Normal_lcdf status

Hi all,

I am enjoying modeling a mixture model with stan. For a mixture component, I use normal_lcdf and it underflows and overflows faster than pnorm of R, and I tested that phi() or phi_approx() are not better (as discussed in Normal_lcdf underflows much faster than pnorm(log=TRUE)

I wonder if someone is in a process of improving cumulative normal distribution in stan to have more precision and stability. Is there a stan code in github that I can refer to? Otherwise I will translate normal cdf code of other languages into stan.
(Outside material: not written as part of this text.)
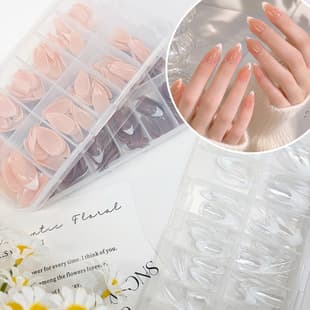 120 Pieces French Style Press-On Nails, Simple White Tip, Almond Short False Nails, Finished European and American Nail Art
If `x` is too small for `normal_lcdf`, you might try `log1m(Phi(-x))`.

You mean for large x?

Both Phi() and normal_cdf () overflow at 8.25 and underflow at -37.5.

So I already tried using log1m(Phi(-x)) or log1m(normal_cdf(-x)) when x > 0.

But I wonder if there is more stable implementation, because it will have an error when x > 37.5 anyway. (I have a mixture model, so x can be a very small negative value or a very large positive value.)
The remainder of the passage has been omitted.